§ Data for review

+ + + + +

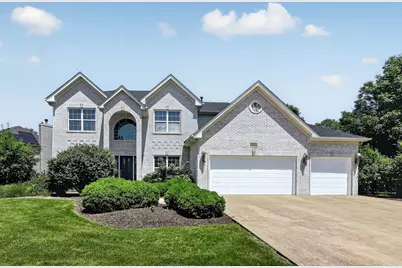 13025 Rock Fish Lane, Plainfield, IL 60585 - Photo 2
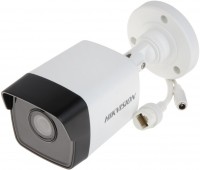 Купити камера відеоспостереження Hikvision DS-2CD1043G0-I(C) 4 mm  за ціною від 3936 грн.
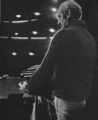 Astor Piazzolla 1975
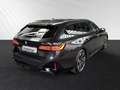 BMW 520 d -xDrive-Msport - M sport - touring -Tetto -48v Grigio - thumbnail 8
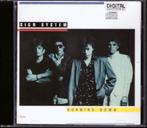 Sign System CD Burning Down, Verzenden, 1980 tot 2000, Zo goed als nieuw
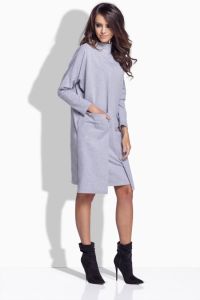 1659_L163_light_grey_(2)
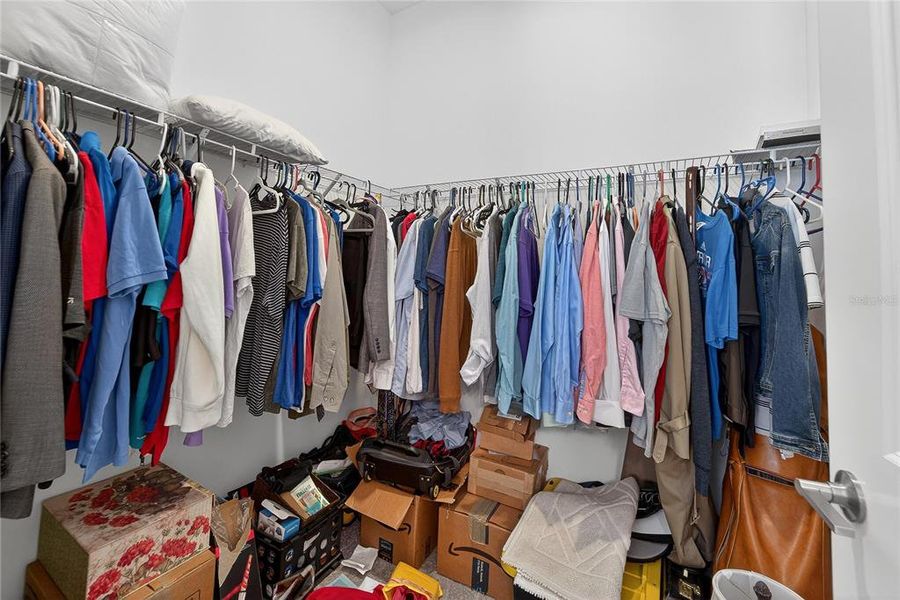 Close-up of interior finishes inside a home in , Wimauma (Image 59). Close-up of interior finishes inside a home in , Wimauma (Image 59).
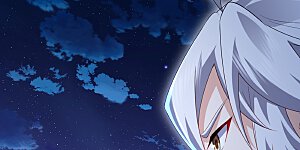 第681话 诸天轮回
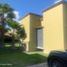 Villa 3 chambre à louer à Queretaro, Queretaro, Queretaro, Queretaro, Mexique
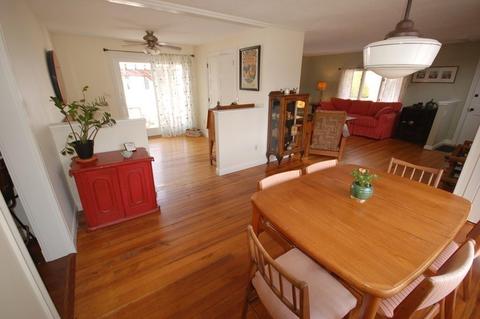 94 Holyoke St, Easthampton, MA 01027 photo 18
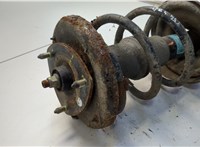  Амортизатор подвески Honda CR-V 2001-2006 20611610 #2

+ + + + +

§ How to complete this task
Give back the material above word for word; no picture belongs in it.

§ Response to this exercise
 13025 Rock Fish Lane, Plainfield, IL 60585 - Photo 2
 Купити камера відеоспостереження Hikvision DS-2CD1043G0-I(C) 4 mm  за ціною від 3936 грн.
 Astor Piazzolla 1975
 BMW 520 d -xDrive-Msport - M sport - touring -Tetto -48v Grigio - thumbnail 8
 Sign System CD Burning Down, Verzenden, 1980 tot 2000, Zo goed als nieuw
 1659_L163_light_grey_(2)
 Close-up of interior finishes inside a home in , Wimauma (Image 59). Close-up of interior finishes inside a home in , Wimauma (Image 59).
 第681话 诸天轮回
 Villa 3 chambre à louer à Queretaro, Queretaro, Queretaro, Queretaro, Mexique
 94 Holyoke St, Easthampton, MA 01027 photo 18
  Амортизатор подвески Honda CR-V 2001-2006 20611610 #2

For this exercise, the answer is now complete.